1. Field of the Invention
The present general inventive concept relates to a paper feeding apparatus of an image forming apparatus (e.g., a laser beam printer, a copier, an ink-jet printer or a photo-printer), and in particular, to a paper feeding apparatus of an image forming apparatus having a lifter to lift a paper loading plate loaded with sheets of paper so that a top of the sheets of paper loaded on the paper loading plate comes in contact with a pick-up roller with a constant pressure. The present general inventive concept also relates to a method of controlling the paper feeding apparatus.
2. Description of the Related Art
In general, an image forming apparatus, such as a printer or a copier, is provided with a paper feeding apparatus loaded with and receiving a plurality of sheets of paper to sequentially feed the loaded sheets of paper into a body of the image forming apparatus.
FIG. 1 illustrates an example of a conventional paper feeding apparatus 10 of an image forming apparatus.
The paper feeding apparatus 10 comprises a cassette 12 removably attached to a side of a body 11 of the paper feeding apparatus 10 and being loaded with a plurality sheets of paper S, a pick-up roller assembly 13 having a pick-up roller 14 for picking up and feeding the sheets of paper S loaded in the cassette 12 into the body 11, a knock-up plate (paper loading plate) 21 rotatably installed within the cassette 12 to lift leading edges of the sheets of paper S toward the pick-up roller assembly 13, a lifter 15 for pivoting the paper loading plate 21 toward the pick-up roller 14 side of the pick-up roller assembly 13 so that an uppermost one of the sheets of paper S is positioned at a pick-up position where a top of the sheets of paper S comes in contact with the pick-up roller 14 with a constant pressure, and a position sensor unit 30 for sensing whether the uppermost one of the sheets of paper S is positioned at the pick-up position.
The paper loading plate 21 is pivotally supported on a hinge bracket 25 by a hinge axle 26.
The lifter 15 comprises a lifting plate 16 for lifting the paper loading plate 21, and a driving motor 17 for pivoting the lifting plate 16.
A fixing part 18 is formed at one end of the lifting plate 16, wherein the fixing part 18 is fixedly connected to a first end 20a of a power transmission shaft 20 (FIGS. 2A and 2B).
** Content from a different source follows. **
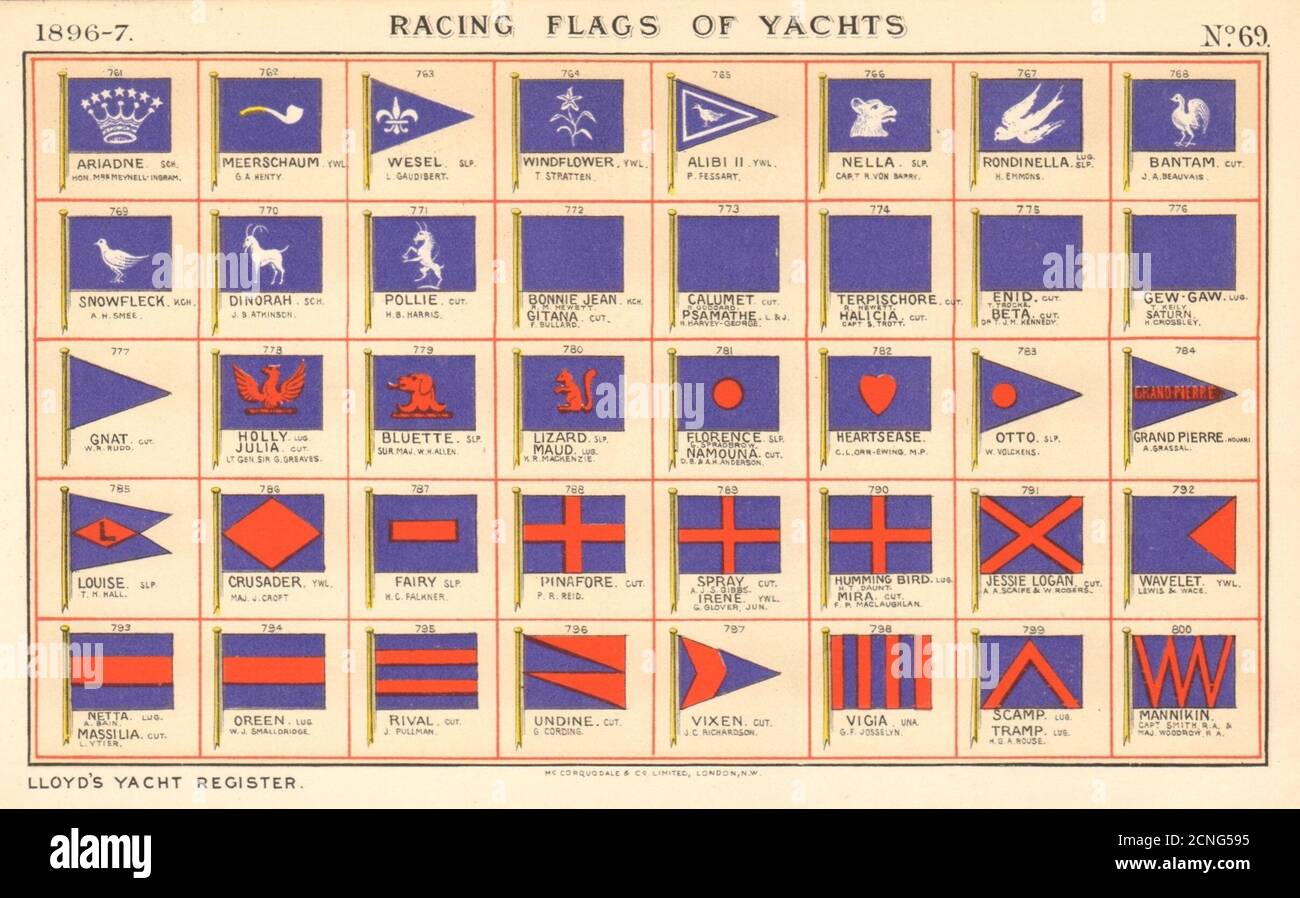 YACHT FLAGS Blue & White. Blue & Red 1896 old antique vintage print picture Stock Photo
The power transmission shaft 20 is pivotally supported in the cassette 12 and projected out of the cassette 12.
As illustrated in FIGS. 2A and 2B, the driving motor 17 comprises a driving axle 17a and a coupling 23 provided at an end of the driving axle 17a, wherein the coupling 23 engages a second end 20b of the power transmission shaft 20 when the cassette 12 is inserted into the body 11, and the coupling 23 transmits a driving force of the driving motor 17 to the lifting plate 16 through the power transmission shaft 20.
The position sensor unit 30 comprises a first sensing lever 34 projecting from an end of a body 13a of the pick-up roller assembly 13, and a first optical sensor 31 having a first light emitting part 32 and a first light receiving part 33, which are mounted on a printed circuit board array (PBA) 50 (FIG. 3) opposite to the first sensing lever 34.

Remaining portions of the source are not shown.